Luchan - A Framework for Analyzing Communication according to Niklas Luhmann on 4chan Using Graph Measures and Topic Modelling
This is the repo where I present the code I use during my masters thesis. The goal of the thesis is to research if there are communication structures that are reproducing themselves within similar topics. The theoretical background for this research is given by the assumptions of Niklas Luhmann on communication within social systems.
It contains:
- the scraper I used to collect the data from the 4chan API
- the extractor for mining the relevant data from the text, like the id's used to create the thread networks, the quotes etc.

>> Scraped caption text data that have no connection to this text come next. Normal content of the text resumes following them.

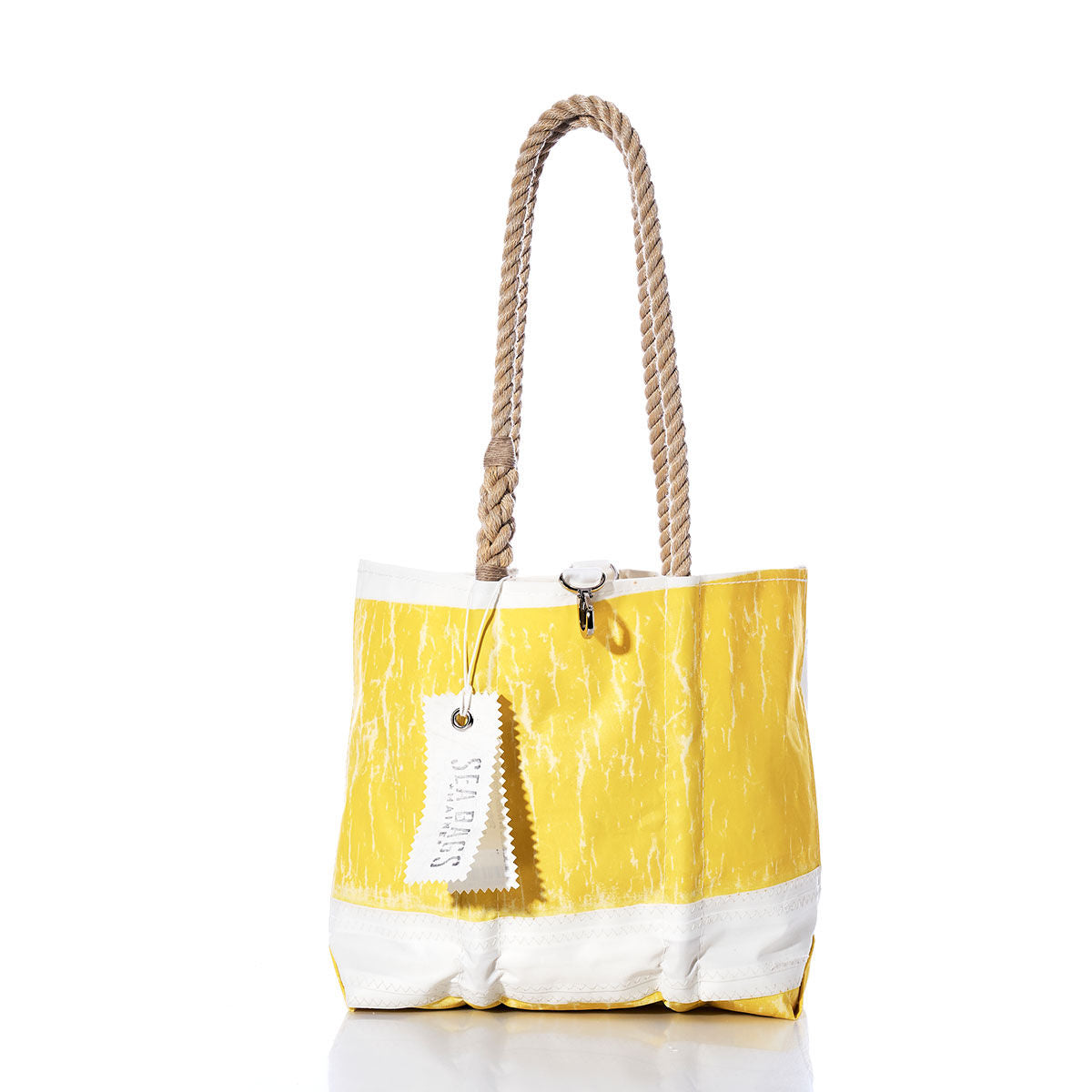 Vintage Yellow and White Handbag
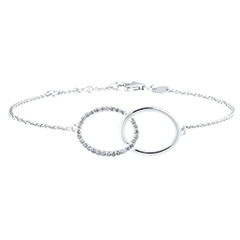 Bracelet Fraîcheur - Double Firmament - or blanc 9 carats et diamants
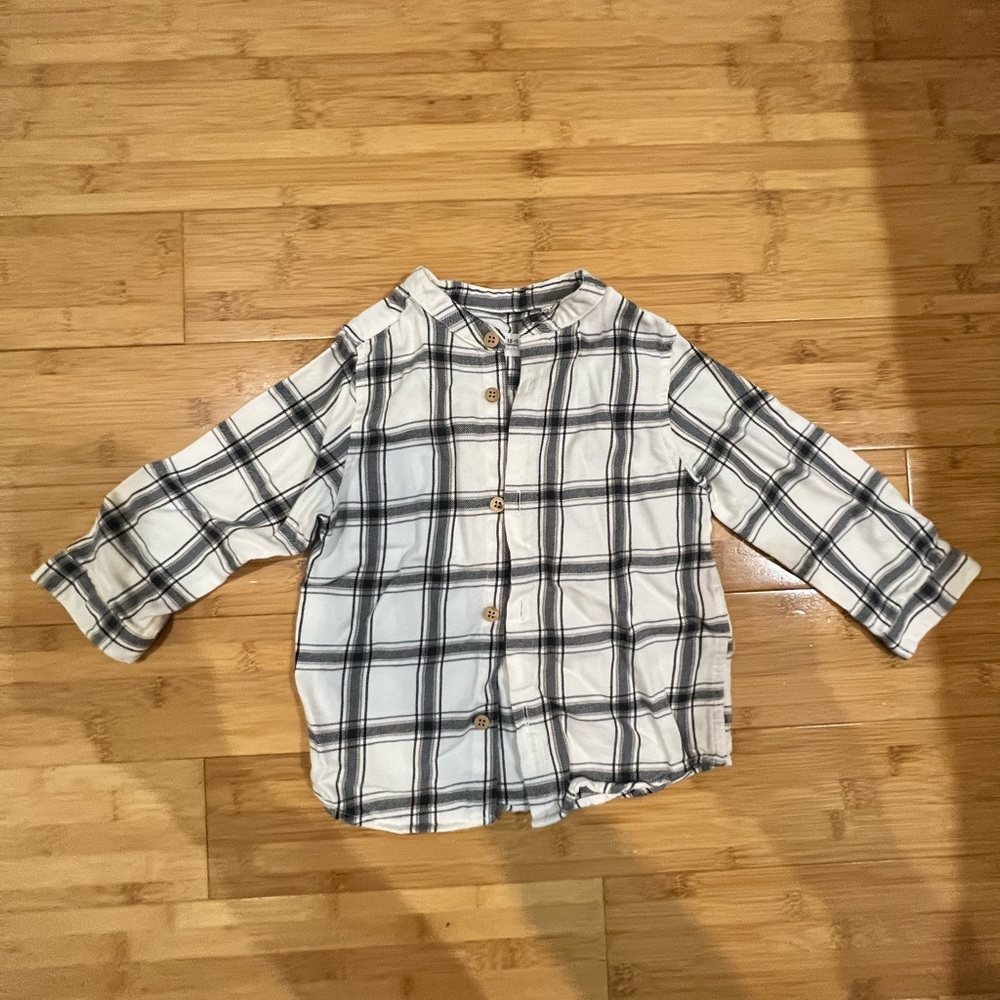 Zara boy plaid shirt size 12-18 months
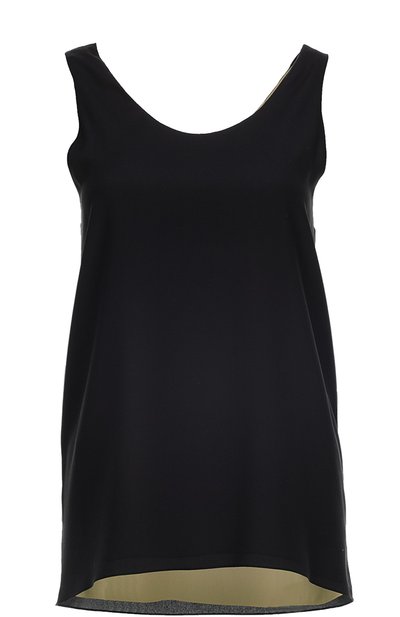Женский шелковый топ свободного кроя без рукавов CHLOÉ, арт. 15AHT22/15A004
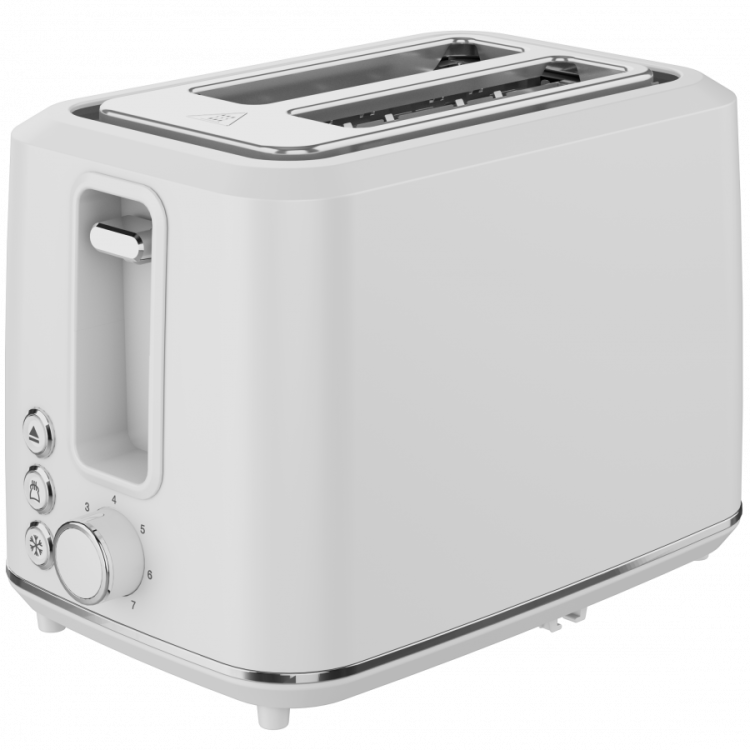 AENO TS1W ATS0001W - бял тостер с 7 степени на препичане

- the graph_pipeline for extracting the network features
- the nlpipe for creating the topic model (NlPipe_sk.py contains the old implementation in sklearn. I switched to gensim due to their implementation of the coherence score for testing the quality of the lda model.)
- not implemented yet: code for subgroup discovery
- maybe also the data I collected
At the beginning of the thesis I only had access to a limited data set (~160k threads from 4chan.org/b/). Due to that, I opted for topic modelling and common graph measures. Specially for the latter, this also enables a better interpretability, compared to embedding methods. During my exploration I also collected about 1m-1.5m additional threads from several boards. Also another dataset containing ~3.3m threads from 4chan.org/pol/ got released. With this amount of data, I can also consider graph and document embeddings, if this doesn't go beyond the scope of a masters thesis.